La perfezione come condanna
Questa è una riflessione che sottopongo alla considerazione dei tanti che seguono con passione quella che, secondo me, viene inappropriatamente detta "musica
classica". Non ho naturalmente nulla da eccepire perché l'ascolto anche io. Vorrei solamente che non fosse contrassegnata da una etichetta che trovo inadeguata e fuorviante (la
questione la affronto nei miei Scritti Polemici, qui: La chiamano classica!).
Non c'è dubbio che il livello tecico esecutivo negli ultimi decenni è migliorato costantemente. I concertisti contemporanei assai raramente commettono errori di
entità tale da rilevati dal pubblico, come succedeva per esempio a Backhaus o a Menuhin. Può essere considerate una bella cosa che le composizioni storicamente più importanti sia possibile
ascoltarle dal vivo quasi con lo stesso grado di perfezione che offono le registrazioni fonografiche.
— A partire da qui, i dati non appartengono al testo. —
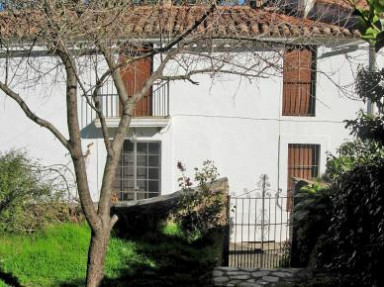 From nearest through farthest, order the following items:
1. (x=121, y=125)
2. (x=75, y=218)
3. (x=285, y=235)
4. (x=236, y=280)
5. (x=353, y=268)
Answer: (x=121, y=125)
(x=353, y=268)
(x=236, y=280)
(x=75, y=218)
(x=285, y=235)

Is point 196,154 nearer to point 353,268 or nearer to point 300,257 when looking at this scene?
point 300,257

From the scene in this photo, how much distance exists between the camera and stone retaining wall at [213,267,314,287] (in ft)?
24.8

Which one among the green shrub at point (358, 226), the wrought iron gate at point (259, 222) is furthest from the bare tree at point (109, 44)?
the wrought iron gate at point (259, 222)

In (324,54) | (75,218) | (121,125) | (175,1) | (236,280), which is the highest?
(324,54)

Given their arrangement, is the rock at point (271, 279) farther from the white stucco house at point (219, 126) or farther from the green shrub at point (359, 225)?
the white stucco house at point (219, 126)

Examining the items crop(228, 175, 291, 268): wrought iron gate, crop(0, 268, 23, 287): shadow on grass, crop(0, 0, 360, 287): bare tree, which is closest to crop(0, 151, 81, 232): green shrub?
crop(0, 268, 23, 287): shadow on grass

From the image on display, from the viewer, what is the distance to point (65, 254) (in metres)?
8.97

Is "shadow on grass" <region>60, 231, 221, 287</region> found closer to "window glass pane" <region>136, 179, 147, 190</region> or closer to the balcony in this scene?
the balcony

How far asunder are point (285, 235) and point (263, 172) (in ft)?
5.84

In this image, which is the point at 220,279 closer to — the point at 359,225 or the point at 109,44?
the point at 359,225

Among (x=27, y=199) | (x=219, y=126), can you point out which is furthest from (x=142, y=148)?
(x=27, y=199)

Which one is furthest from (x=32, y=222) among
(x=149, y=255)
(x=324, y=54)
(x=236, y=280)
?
(x=324, y=54)

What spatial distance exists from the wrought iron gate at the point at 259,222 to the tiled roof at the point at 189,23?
232 inches

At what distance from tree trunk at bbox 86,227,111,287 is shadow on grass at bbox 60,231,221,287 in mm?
1839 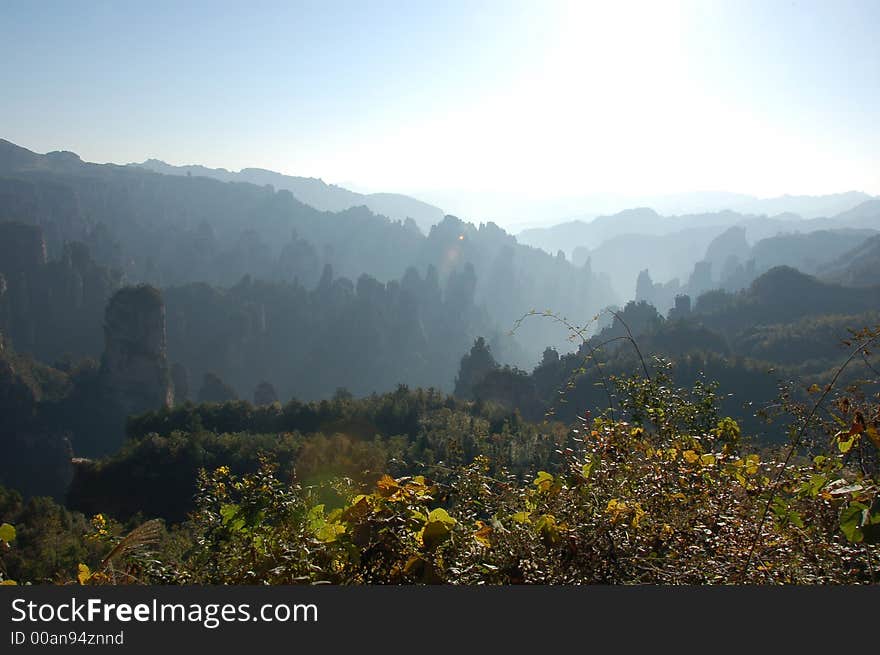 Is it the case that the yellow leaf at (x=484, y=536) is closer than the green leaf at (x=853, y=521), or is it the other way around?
the green leaf at (x=853, y=521)

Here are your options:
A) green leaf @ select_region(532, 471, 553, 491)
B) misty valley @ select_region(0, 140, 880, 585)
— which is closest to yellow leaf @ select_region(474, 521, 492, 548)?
misty valley @ select_region(0, 140, 880, 585)

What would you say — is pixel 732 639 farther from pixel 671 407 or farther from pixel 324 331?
pixel 324 331

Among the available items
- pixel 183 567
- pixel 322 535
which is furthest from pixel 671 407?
pixel 183 567

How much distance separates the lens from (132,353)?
210ft

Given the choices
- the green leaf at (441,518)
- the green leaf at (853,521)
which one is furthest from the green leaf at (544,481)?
the green leaf at (853,521)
Quando una performance viene registrata, non c'è ragione perché non debba essere impeccabile. Nel caso della performance dal vivo, mi domando se sia proprio sempre
bello che lo sia egualmente. Penso alla pianista Americana Amy Fay che nella seconda metà dellOttocento intraprese un viaggio di studio in Germania e raccontò in un libro le sue esperienze (Amy
Fay, Music-Study in Germany, Chicago, McClurg & Company, 1880, Reprint Dover 1965). Una delle cose interessanti che racconta è che Franz Liszt era tutt'altro che un pianista
impeccabile ma, quando commetteva un errore, quando si cacciava nei guai, riusciva sempre a cavarsi d'impaccio. In alter parole, trasformava l'errore in un pretesto per mostrare la propria
fantasia e creatività. È quello che avviene costantemente nel mondo del jazz. Nel jazz non ci sono errori, perché le note o gli accordi che scivolano dalle dita inavvertitmente costituiscono il
pretesto per deviazioni di fantasia.
I concertisti di oggi, queli che percorrono il repertorio scritto, non sono addestrati all'estemporaneità; non sono abituati a preludiare e
interludiare (come faceva Clara Wieck-Schumann) e non saprebbero dunque cavarsi d'impaccio. Mi domando se non sia per questo che sono costretti ad evitare gli errori ad ogni costo. Incappare
in un errore a cui non riesce a rimediare è davvero mortificante. La perfezione può certamente essere giustificata dicendo che le grandi musiche del passato la meritano. A voler pensar male,
invece, si può sospettare che sia resa indispensabile, obbligatoria perfino, per la ragione di cui ho appena detto.